Establish a Command Center: a center where you and everyone else can find out what is going on, find critical papers, as well as process the incoming mountain of stuff.
It should contain the following:
- All Calendars: some options are to place all on a corkboard, use a large dry erase calendar and log each family members activities in a different color or for just referencing; create a binder with sections for each child
- Other School Forms: such as payments due, permission slips and more – Read it and deal with it immediately – touch each paper only once. If you can’t do that, file it in a “Take Action” folder or wall pocket and then designate a weekly or daily time to thumb through this and act on the item – ideally Sunday night so if due that week they get in on time.
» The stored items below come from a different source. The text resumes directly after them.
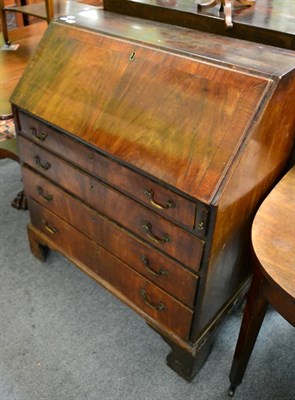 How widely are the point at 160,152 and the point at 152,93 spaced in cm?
18

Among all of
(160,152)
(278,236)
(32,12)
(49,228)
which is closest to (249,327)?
(278,236)

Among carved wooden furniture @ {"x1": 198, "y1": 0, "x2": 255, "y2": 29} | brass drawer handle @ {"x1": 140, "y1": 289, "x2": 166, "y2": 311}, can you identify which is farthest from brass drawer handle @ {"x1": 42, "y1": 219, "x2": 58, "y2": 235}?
carved wooden furniture @ {"x1": 198, "y1": 0, "x2": 255, "y2": 29}

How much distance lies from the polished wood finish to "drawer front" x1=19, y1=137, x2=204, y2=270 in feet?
2.00

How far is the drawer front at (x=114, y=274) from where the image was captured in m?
1.29

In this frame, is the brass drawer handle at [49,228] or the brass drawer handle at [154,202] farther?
the brass drawer handle at [49,228]

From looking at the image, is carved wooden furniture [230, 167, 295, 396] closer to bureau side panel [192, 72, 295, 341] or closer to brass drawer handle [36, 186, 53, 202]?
bureau side panel [192, 72, 295, 341]

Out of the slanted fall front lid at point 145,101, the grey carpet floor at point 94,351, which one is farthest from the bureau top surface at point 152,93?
the grey carpet floor at point 94,351

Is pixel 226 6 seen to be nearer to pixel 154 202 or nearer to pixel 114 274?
pixel 154 202

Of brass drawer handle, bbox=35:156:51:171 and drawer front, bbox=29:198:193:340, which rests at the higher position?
brass drawer handle, bbox=35:156:51:171

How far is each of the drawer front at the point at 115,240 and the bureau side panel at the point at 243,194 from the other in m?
0.07

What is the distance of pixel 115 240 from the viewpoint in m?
1.34

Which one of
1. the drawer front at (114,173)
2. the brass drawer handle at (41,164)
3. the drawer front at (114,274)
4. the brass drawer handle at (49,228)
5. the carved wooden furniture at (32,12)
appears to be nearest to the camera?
the drawer front at (114,173)

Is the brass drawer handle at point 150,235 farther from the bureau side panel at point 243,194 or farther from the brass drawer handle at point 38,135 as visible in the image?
the brass drawer handle at point 38,135

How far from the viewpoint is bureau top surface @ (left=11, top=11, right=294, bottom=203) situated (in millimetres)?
966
- Drop Zone: create “homes” for backpacks, sports equipment, ID’s, coats and accessories and more. This may be part of our command center or a mud room designated spot. Also, consider a bin or magazine holder for each day Mon-Fri for placing and keeping track of things that go in or are due back certain days of the week – an itemized list on the bin for known things should be put up.
- Artwork: Artwork is great but the volume can be overwhelming! By all means display some, either on a corkboard or create a gallery on one wall. Update often and place the pieces that are taken down or overflow from what comes in as part of a “current” box. Go through a few times a year and place in an archival location with name and year. A great idea if you don’t want to save them (especially large pieces) but don’t want to lose the memories is to take a digital photo of the piece for the memory.
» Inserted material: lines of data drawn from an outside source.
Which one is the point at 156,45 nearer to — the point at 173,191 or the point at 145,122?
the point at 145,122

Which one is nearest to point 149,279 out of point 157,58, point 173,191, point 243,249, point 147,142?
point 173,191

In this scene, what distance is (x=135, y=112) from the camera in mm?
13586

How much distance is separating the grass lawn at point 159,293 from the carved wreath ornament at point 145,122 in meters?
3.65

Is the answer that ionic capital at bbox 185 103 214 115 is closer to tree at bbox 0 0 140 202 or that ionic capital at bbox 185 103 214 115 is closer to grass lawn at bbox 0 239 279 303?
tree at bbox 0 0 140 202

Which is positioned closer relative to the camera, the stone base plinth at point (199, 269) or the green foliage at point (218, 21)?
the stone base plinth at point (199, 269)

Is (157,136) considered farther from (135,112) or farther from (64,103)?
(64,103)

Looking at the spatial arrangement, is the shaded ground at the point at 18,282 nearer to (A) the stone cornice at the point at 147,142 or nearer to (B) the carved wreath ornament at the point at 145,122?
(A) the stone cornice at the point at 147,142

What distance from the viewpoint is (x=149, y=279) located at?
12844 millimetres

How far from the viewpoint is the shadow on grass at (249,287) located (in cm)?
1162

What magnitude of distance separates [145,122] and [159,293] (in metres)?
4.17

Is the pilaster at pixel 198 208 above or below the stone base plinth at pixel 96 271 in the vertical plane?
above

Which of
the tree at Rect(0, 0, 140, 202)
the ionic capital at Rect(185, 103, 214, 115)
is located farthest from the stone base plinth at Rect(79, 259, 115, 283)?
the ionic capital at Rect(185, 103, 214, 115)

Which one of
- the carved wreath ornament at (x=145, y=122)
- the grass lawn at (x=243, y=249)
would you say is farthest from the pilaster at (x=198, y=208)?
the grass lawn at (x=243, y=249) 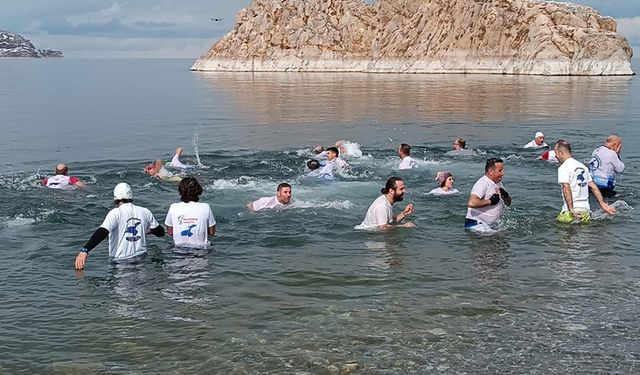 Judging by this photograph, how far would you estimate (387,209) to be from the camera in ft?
46.9

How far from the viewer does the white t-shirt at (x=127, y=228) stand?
1141cm

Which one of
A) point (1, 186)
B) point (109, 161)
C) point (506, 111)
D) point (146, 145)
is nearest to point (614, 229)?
point (1, 186)

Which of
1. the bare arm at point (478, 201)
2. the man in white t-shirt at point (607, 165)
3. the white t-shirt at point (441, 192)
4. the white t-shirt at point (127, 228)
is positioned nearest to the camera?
the white t-shirt at point (127, 228)

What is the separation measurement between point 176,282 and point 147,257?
1.39m

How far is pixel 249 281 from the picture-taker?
1177 centimetres

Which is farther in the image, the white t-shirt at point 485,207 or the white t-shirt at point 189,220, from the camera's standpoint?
the white t-shirt at point 485,207

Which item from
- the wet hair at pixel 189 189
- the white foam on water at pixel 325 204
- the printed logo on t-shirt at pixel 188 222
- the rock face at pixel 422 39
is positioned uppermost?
the rock face at pixel 422 39

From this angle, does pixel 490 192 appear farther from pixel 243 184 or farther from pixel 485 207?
pixel 243 184

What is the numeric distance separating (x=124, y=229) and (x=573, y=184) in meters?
9.03

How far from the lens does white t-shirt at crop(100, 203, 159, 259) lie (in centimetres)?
1141

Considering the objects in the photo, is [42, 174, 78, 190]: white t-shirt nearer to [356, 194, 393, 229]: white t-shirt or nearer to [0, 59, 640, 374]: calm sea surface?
[0, 59, 640, 374]: calm sea surface

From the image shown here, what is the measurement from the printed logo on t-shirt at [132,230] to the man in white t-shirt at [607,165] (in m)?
11.9

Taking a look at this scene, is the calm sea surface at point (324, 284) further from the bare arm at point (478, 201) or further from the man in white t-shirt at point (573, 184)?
the bare arm at point (478, 201)

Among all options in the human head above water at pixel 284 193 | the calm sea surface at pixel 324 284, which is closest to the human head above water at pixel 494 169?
the calm sea surface at pixel 324 284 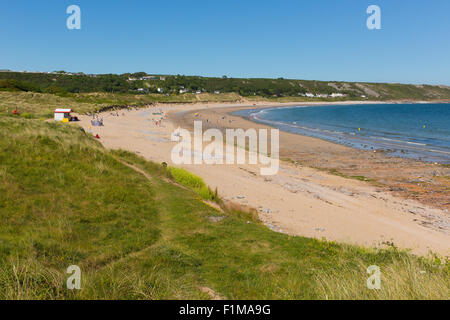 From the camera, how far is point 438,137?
41406 mm

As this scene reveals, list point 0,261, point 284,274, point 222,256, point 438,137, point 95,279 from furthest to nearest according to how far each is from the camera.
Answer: point 438,137 < point 222,256 < point 284,274 < point 0,261 < point 95,279

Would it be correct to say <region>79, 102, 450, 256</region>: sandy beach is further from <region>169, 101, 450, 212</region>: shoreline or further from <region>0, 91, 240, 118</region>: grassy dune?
<region>0, 91, 240, 118</region>: grassy dune

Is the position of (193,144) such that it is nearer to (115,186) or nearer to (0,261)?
(115,186)

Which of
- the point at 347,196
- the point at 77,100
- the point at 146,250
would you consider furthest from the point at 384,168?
the point at 77,100

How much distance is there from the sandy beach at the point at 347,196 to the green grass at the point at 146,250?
317 centimetres

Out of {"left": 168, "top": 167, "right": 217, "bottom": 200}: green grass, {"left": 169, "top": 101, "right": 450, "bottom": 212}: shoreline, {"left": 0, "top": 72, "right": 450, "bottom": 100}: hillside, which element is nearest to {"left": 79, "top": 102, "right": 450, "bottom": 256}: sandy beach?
{"left": 169, "top": 101, "right": 450, "bottom": 212}: shoreline

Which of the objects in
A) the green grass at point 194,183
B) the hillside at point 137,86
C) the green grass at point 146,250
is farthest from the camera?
the hillside at point 137,86

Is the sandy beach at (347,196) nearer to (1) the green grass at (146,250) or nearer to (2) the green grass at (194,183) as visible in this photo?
(2) the green grass at (194,183)

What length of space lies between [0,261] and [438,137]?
164 ft

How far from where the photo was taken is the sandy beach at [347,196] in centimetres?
1148

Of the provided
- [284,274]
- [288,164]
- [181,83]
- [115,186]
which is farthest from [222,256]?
[181,83]

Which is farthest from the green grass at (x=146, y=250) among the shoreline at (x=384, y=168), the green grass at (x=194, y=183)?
the shoreline at (x=384, y=168)

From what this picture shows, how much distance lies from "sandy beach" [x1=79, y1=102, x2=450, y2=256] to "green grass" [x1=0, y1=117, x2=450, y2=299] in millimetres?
3166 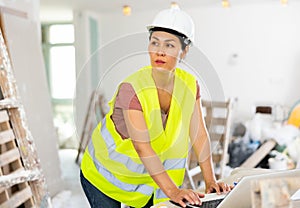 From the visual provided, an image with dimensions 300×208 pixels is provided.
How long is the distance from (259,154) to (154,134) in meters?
2.73

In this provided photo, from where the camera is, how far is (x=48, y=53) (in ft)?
22.6

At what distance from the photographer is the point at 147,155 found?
1.18 metres

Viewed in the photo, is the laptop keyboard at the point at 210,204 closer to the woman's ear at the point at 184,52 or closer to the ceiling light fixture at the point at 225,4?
the woman's ear at the point at 184,52

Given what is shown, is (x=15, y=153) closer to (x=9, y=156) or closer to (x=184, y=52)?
(x=9, y=156)

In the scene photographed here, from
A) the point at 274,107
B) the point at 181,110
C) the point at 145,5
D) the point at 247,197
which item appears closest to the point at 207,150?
the point at 181,110

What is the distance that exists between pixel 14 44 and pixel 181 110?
2.13m

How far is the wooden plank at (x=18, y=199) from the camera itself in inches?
82.0

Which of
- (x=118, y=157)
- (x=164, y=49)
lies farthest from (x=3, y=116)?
(x=164, y=49)

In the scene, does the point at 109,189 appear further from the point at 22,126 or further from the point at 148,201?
the point at 22,126

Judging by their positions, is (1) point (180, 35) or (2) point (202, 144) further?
(2) point (202, 144)

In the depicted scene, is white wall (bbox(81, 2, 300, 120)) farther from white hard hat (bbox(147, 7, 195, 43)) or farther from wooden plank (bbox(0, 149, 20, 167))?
white hard hat (bbox(147, 7, 195, 43))

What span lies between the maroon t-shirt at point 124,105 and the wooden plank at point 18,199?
1.08 m

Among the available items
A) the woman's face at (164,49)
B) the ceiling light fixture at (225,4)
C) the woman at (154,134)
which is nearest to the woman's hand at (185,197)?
the woman at (154,134)

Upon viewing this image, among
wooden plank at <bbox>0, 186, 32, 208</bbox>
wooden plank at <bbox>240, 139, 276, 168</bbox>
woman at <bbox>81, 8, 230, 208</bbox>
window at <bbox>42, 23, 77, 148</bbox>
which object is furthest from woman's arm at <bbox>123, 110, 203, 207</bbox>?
window at <bbox>42, 23, 77, 148</bbox> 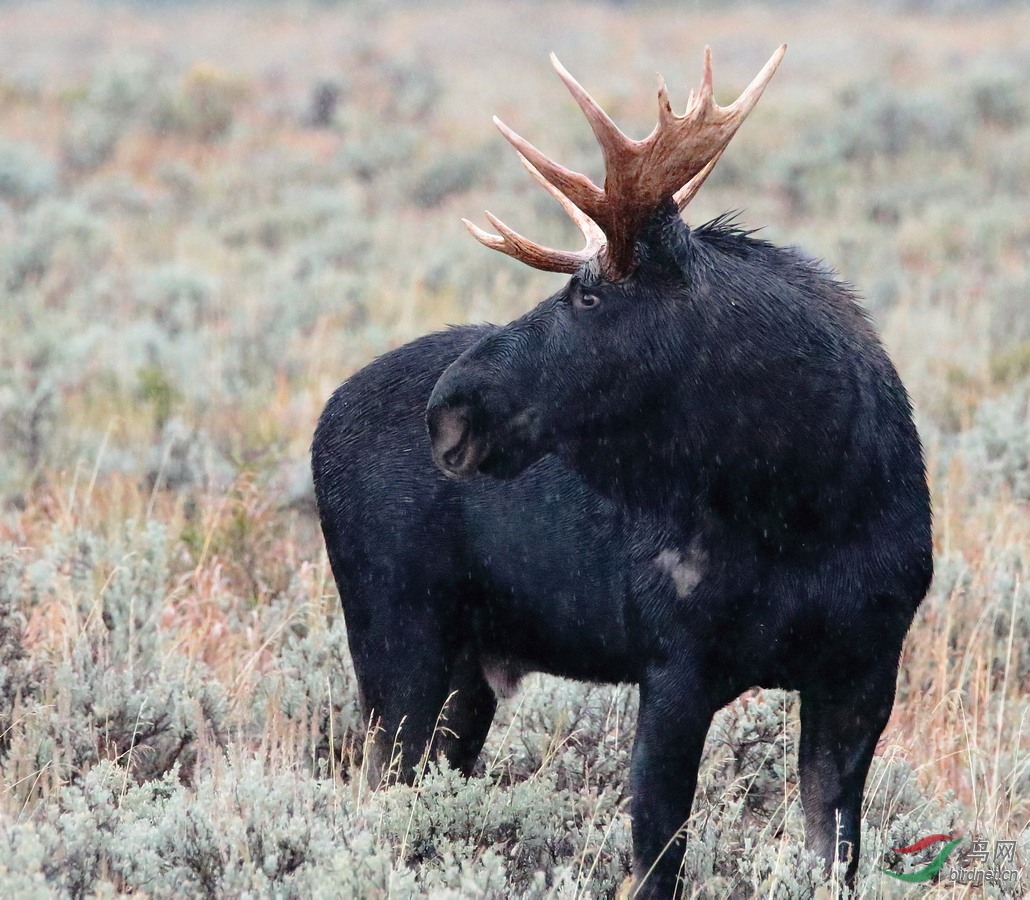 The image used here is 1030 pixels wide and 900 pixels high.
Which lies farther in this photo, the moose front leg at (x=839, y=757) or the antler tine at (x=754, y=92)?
the moose front leg at (x=839, y=757)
- Finished Homework: Homework that is graded and home for good should either be placed in a “To Be Filed” container or tossed. Go through a few times a year with your child and pick out favorite projects or big achievements and put them in a box or folder labeled with their name and year – creating a keepsake. Involve the child in the decision making.
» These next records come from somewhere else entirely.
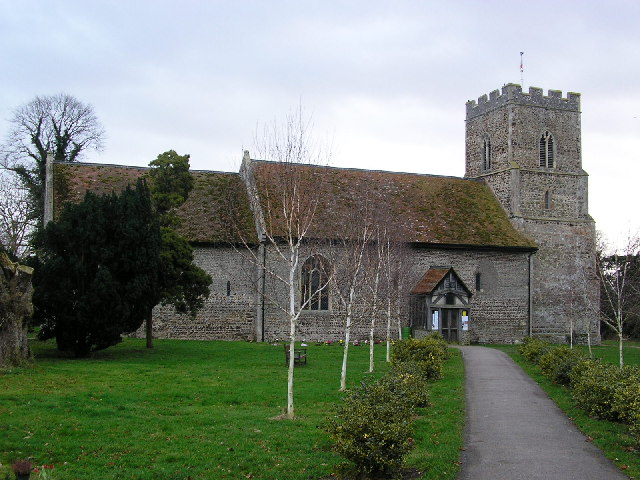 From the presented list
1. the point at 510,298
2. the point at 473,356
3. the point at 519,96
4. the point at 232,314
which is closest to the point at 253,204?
the point at 232,314

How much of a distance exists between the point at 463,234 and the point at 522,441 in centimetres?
2577

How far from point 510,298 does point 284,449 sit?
28.6 m

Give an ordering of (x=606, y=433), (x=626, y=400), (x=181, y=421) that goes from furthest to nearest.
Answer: (x=626, y=400) < (x=181, y=421) < (x=606, y=433)

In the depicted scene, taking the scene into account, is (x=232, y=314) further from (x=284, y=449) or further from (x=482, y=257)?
(x=284, y=449)

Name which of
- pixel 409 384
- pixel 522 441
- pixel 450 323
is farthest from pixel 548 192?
pixel 522 441

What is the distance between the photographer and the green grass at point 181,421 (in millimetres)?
10094

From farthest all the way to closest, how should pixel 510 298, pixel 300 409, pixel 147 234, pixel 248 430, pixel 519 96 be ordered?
pixel 519 96, pixel 510 298, pixel 147 234, pixel 300 409, pixel 248 430

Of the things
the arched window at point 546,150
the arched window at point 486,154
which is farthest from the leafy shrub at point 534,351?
the arched window at point 486,154

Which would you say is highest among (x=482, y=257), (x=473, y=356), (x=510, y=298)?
(x=482, y=257)

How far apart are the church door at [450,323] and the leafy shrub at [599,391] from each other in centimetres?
1886

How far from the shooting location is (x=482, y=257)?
36.8 meters

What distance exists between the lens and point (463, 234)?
36.7 metres

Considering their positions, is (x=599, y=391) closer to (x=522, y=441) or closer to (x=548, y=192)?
(x=522, y=441)

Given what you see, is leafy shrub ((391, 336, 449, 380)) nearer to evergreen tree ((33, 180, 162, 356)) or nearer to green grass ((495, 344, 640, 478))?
green grass ((495, 344, 640, 478))
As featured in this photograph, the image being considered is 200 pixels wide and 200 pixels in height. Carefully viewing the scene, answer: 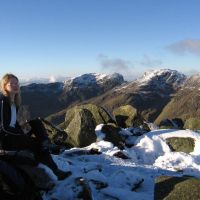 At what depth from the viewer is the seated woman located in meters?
11.4

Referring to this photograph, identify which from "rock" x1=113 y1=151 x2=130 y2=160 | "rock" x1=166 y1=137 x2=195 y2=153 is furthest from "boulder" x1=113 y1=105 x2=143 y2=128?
"rock" x1=113 y1=151 x2=130 y2=160

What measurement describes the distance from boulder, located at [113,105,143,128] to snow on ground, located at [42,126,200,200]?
15.7 feet

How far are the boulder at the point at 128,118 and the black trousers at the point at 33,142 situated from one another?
17392mm

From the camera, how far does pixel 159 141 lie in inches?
907

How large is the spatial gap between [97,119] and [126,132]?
12.1 ft

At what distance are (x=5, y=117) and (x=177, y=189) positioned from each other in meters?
5.14

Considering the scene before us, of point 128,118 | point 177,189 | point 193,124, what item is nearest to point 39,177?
point 177,189

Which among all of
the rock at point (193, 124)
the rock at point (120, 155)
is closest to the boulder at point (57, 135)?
the rock at point (120, 155)

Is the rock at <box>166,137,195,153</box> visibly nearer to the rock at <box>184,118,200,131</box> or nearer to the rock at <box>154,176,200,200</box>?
the rock at <box>184,118,200,131</box>

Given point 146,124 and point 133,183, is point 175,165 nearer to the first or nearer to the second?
point 133,183

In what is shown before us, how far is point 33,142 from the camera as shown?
11.9 meters

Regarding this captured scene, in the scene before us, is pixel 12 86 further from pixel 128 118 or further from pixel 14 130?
pixel 128 118

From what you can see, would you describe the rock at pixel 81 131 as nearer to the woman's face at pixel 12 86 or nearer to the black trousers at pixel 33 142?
the black trousers at pixel 33 142

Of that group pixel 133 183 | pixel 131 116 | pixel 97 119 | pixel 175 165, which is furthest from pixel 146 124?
pixel 133 183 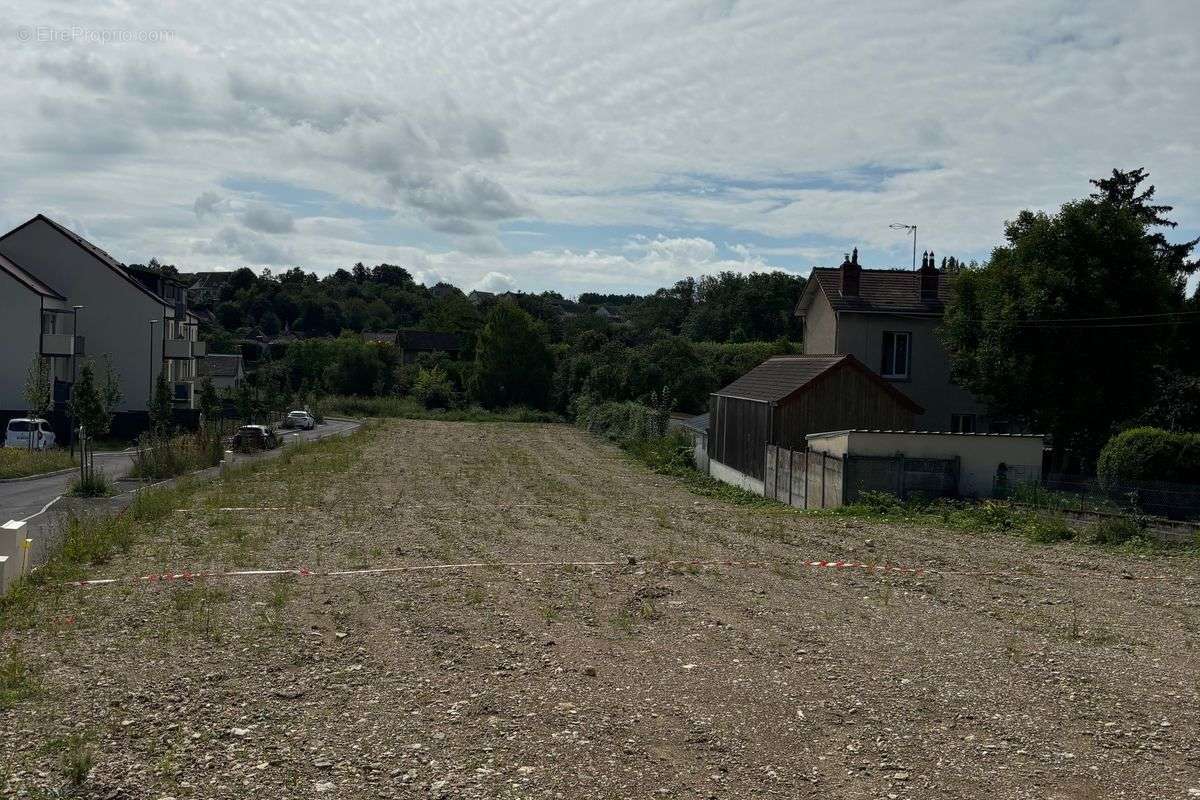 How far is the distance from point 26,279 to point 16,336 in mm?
3204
Homework: Ask yourself the following, When will they do it? and Where will they do it? You need answers to these!
- Dictate your expectations – when they should be working on it
- ZONE – create a homework zone for each child, equipped with but not limited to the following: a flat surface, a comfortable chair, task lighting, a clock in sight, stock of typical supplies used, corkboard and/or magnetic board, bookshelf/shelving close by. If the space if for the entire family, a bin/shelf/drawer for each person’s personal stuff works well
- Have the child utilize a homework planner to document each subjects’ homework assignment is a must. Ensure they use it daily. And with that “planner”, teach them to check it just prior to leaving school to ensure associated books and papers needed to do the assignment make it home (place in drop zone). For younger children, a visual laminated checklist may be useful for things they have to bring home each day – homework, coat, books, etc and clip to backpack.
- For older students, a corkboard in their room with sectioned off areas with masking tape can be set up to house short and long term assignments like reading lists and reports due.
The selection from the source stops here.